The Value of the MBA Degree

And you wouldn’t merely define success as just a few people at the top of big companies making big money. In a recent 2010 survey by GMAC of more than 3,000 people with graduate business degrees, 6 percent were self-employed. Dig deeper into this data set and here’s what GMAC found:

§          41 percent of self-employed alumni reported more than $250,000 in total revenues –more than double the salary range at the highest levels of other alumni working for companies.

§          A quarter of self-employed alumni (nearly 27 percent) own multiple companies.

§          Majority of these self-employed businesses were recently established, 69 percent between 2009 and 2010. New businesses often provide assistance with jump starting the economy.

§          The professional values cited by self-employed respondents as being most important is doing something they are passionate about or enjoy, and having autonomy or being the primary decision maker. They attached the least importance to job security.
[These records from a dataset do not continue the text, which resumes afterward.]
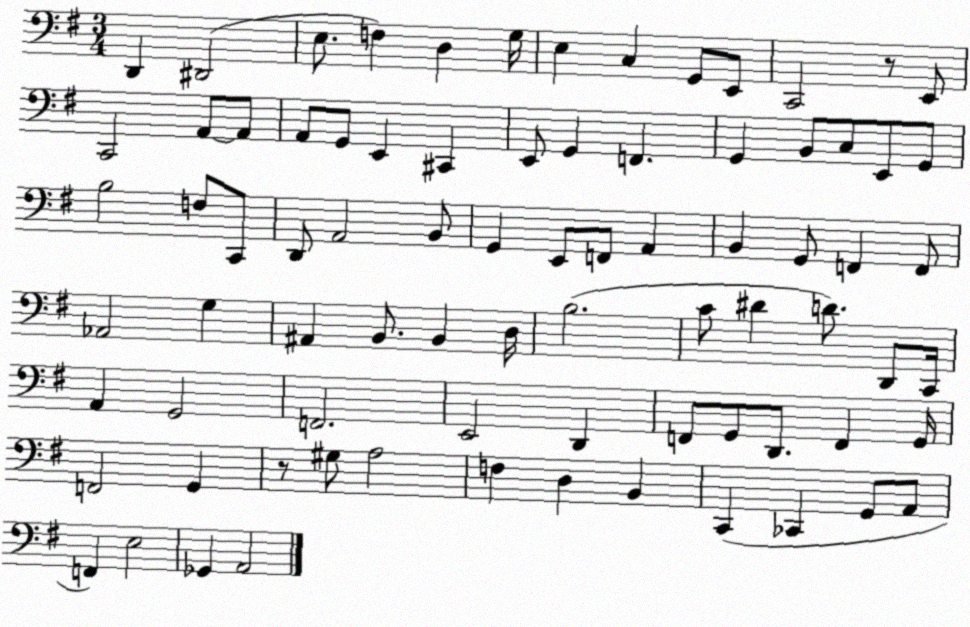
X:1
T:Untitled
M:3/4
L:1/4
K:G
D,, ^D,,2 E,/2 F, D, G,/4 E, C, G,,/2 E,,/2 C,,2 z/2 E,,/2 C,,2 A,,/2 A,,/2 A,,/2 G,,/2 E,, ^C,, E,,/2 G,, F,, G,, B,,/2 C,/2 E,,/2 G,,/2 B,2 F,/2 C,,/2 D,,/2 A,,2 B,,/2 G,, E,,/2 F,,/2 A,, B,, G,,/2 F,, F,,/2 _A,,2 G, ^A,, B,,/2 B,, D,/4 B,2 C/2 ^D D/2 D,,/2 C,,/4 A,, G,,2 F,,2 E,,2 D,, F,,/2 G,,/2 D,,/2 F,, G,,/4 F,,2 G,, z/2 ^G,/2 A,2 F, D, B,, C,, _C,, G,,/2 A,,/2 F,, E,2 _G,, A,,2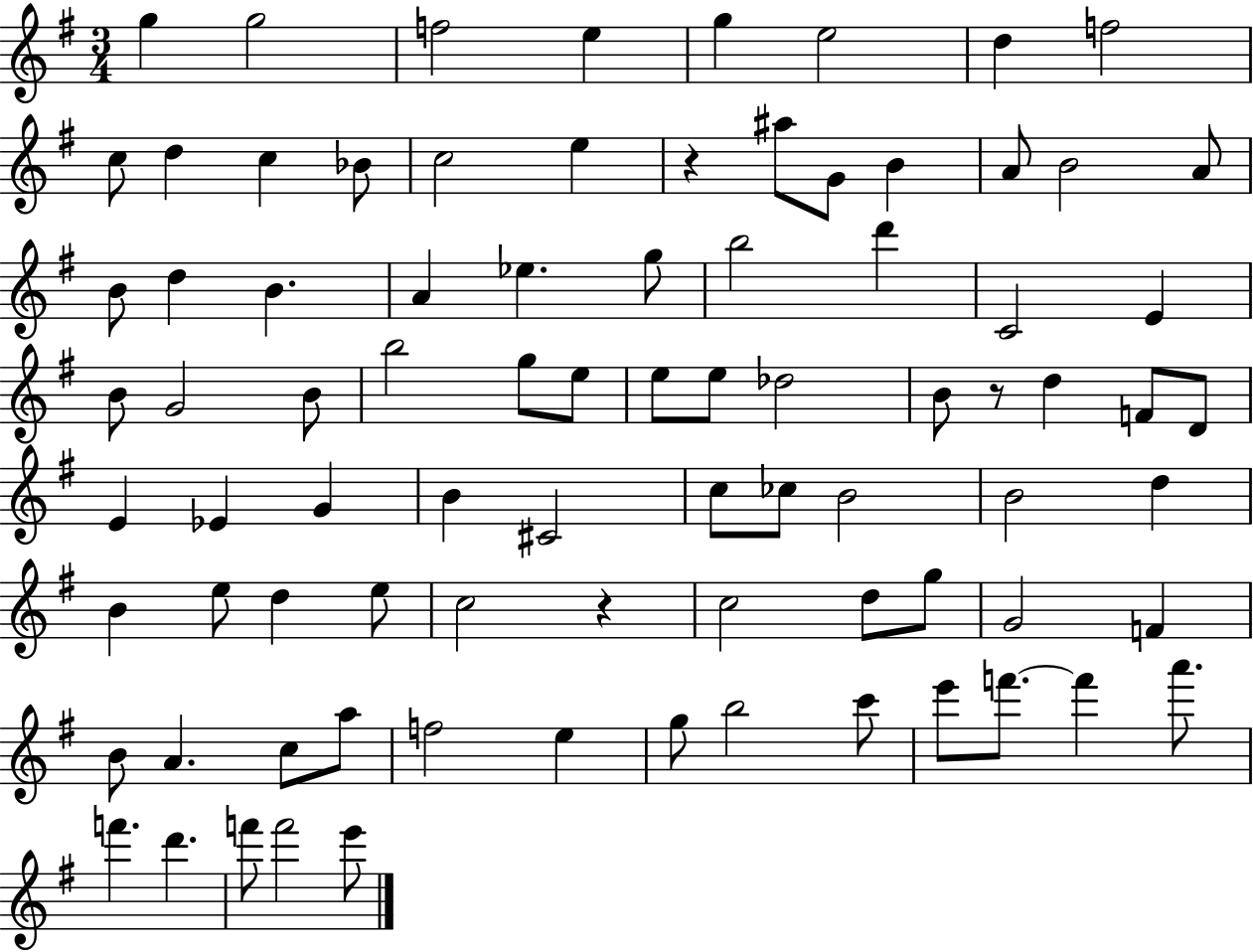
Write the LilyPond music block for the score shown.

{
  \clef treble
  \numericTimeSignature
  \time 3/4
  \key g \major
  g''4 g''2 | f''2 e''4 | g''4 e''2 | d''4 f''2 | \break c''8 d''4 c''4 bes'8 | c''2 e''4 | r4 ais''8 g'8 b'4 | a'8 b'2 a'8 | \break b'8 d''4 b'4. | a'4 ees''4. g''8 | b''2 d'''4 | c'2 e'4 | \break b'8 g'2 b'8 | b''2 g''8 e''8 | e''8 e''8 des''2 | b'8 r8 d''4 f'8 d'8 | \break e'4 ees'4 g'4 | b'4 cis'2 | c''8 ces''8 b'2 | b'2 d''4 | \break b'4 e''8 d''4 e''8 | c''2 r4 | c''2 d''8 g''8 | g'2 f'4 | \break b'8 a'4. c''8 a''8 | f''2 e''4 | g''8 b''2 c'''8 | e'''8 f'''8.~~ f'''4 a'''8. | \break f'''4. d'''4. | f'''8 f'''2 e'''8 | \bar "|."
}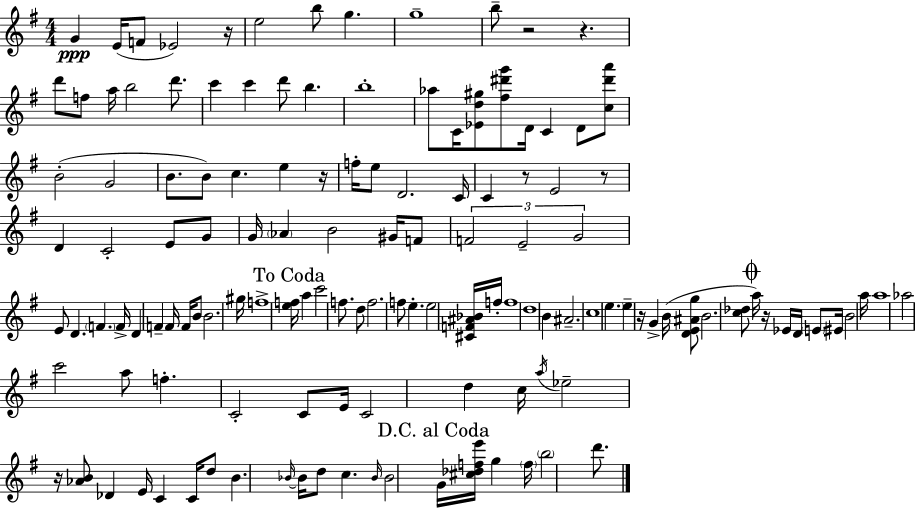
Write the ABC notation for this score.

X:1
T:Untitled
M:4/4
L:1/4
K:Em
G E/4 F/2 _E2 z/4 e2 b/2 g g4 b/2 z2 z d'/2 f/2 a/4 b2 d'/2 c' c' d'/2 b b4 _a/2 C/4 [_Ed^g]/2 [^f^d'g']/2 D/4 C D/2 [c^d'a']/2 B2 G2 B/2 B/2 c e z/4 f/4 e/2 D2 C/4 C z/2 E2 z/2 D C2 E/2 G/2 G/4 _A B2 ^G/4 F/2 F2 E2 G2 E/2 D F F/4 D F F/4 F/4 B/2 B2 ^g/4 f4 [ef]/4 a c'2 f/2 d/2 f2 f/2 e e2 [^CF^A_B]/4 f/4 f4 d4 B ^A2 c4 e e z/4 G B/4 [DE^Ag]/2 B2 [c_d]/2 a/4 z/4 _E/4 D/4 E/2 ^E/4 B2 a/4 a4 _a2 c'2 a/2 f C2 C/2 E/4 C2 d c/4 a/4 _e2 z/4 [_AB]/2 _D E/4 C C/4 d/2 B _B/4 _B/4 d/2 c _B/4 _B2 G/4 [^c_dfe']/4 g f/4 b2 d'/2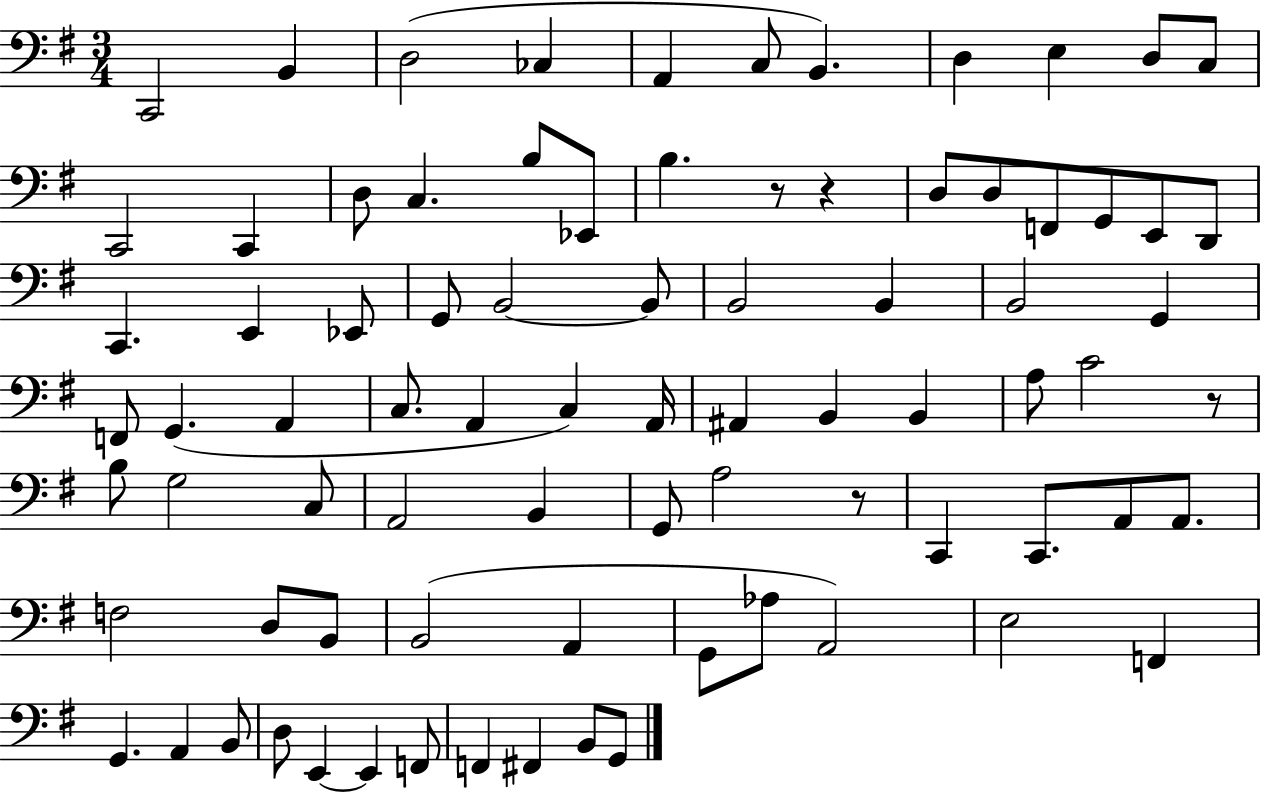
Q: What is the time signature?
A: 3/4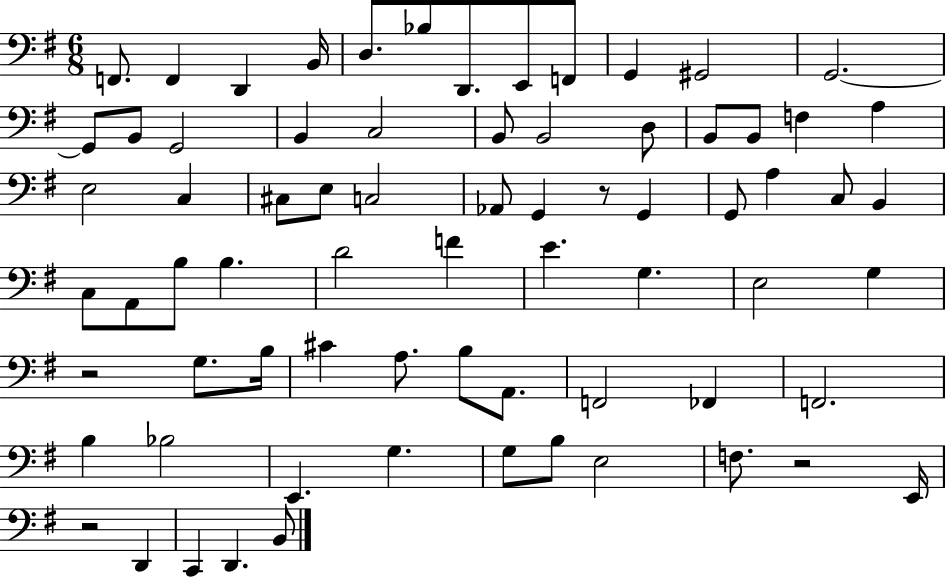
F2/e. F2/q D2/q B2/s D3/e. Bb3/e D2/e. E2/e F2/e G2/q G#2/h G2/h. G2/e B2/e G2/h B2/q C3/h B2/e B2/h D3/e B2/e B2/e F3/q A3/q E3/h C3/q C#3/e E3/e C3/h Ab2/e G2/q R/e G2/q G2/e A3/q C3/e B2/q C3/e A2/e B3/e B3/q. D4/h F4/q E4/q. G3/q. E3/h G3/q R/h G3/e. B3/s C#4/q A3/e. B3/e A2/e. F2/h FES2/q F2/h. B3/q Bb3/h E2/q. G3/q. G3/e B3/e E3/h F3/e. R/h E2/s R/h D2/q C2/q D2/q. B2/e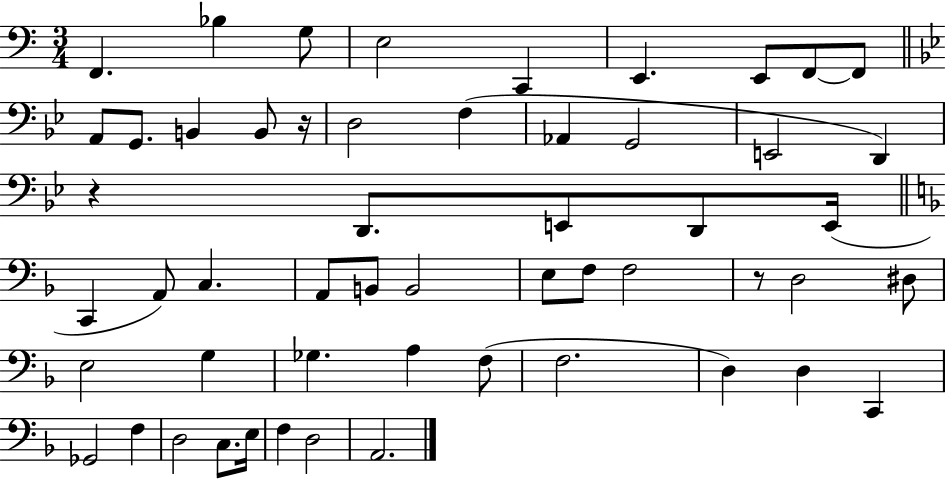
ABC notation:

X:1
T:Untitled
M:3/4
L:1/4
K:C
F,, _B, G,/2 E,2 C,, E,, E,,/2 F,,/2 F,,/2 A,,/2 G,,/2 B,, B,,/2 z/4 D,2 F, _A,, G,,2 E,,2 D,, z D,,/2 E,,/2 D,,/2 E,,/4 C,, A,,/2 C, A,,/2 B,,/2 B,,2 E,/2 F,/2 F,2 z/2 D,2 ^D,/2 E,2 G, _G, A, F,/2 F,2 D, D, C,, _G,,2 F, D,2 C,/2 E,/4 F, D,2 A,,2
§          The majority of self-employed alumni (88%) rated the value of their graduate business degree as outstanding, excellent or good.

Let’s get back to the BusinessWeek report. What kind of money are the highest-paid execs earning these days? BusinessWeek reported that on average the top 25 pulled down $22.8 million in total compensation. That figure includes salary, cash bonuses, and the “fair value” of unexercised stock options when they were granted, along with the “present value” of stock options not yet exercised. Guess who was number one? Harvard’s Gregory B. Maffei, CEO of Liberty Media, who BusinessWeek reported had $87.5 million in total compensation. Number two came from Columbia Business School: Michael S. Jeffries, CEO of Abercrombie & Fitch, with $36.3 million in total pay. Third was Harvard’s Marc Casper, president and CEO of Thermo Fisher Scientific.

Ultimately, of course, it’s not a degree that brings a person success. It’s an individual’s smarts, drive, and luck. The fact that so many of the top 25 highest-paid executives have MBAs tells you more about what kind of people pursue the degree—exceptionally smart, highly driven business professionals who have luck on their side—than it tells you about the actual degree itself.

So while the half-empty interpretation of these results is that more than half of the 50 highest-paid execs lack an MBA. The half-full analysis shows that 21 of the top 25 have the degree. In our book, there can be no better sign of the degree’s value.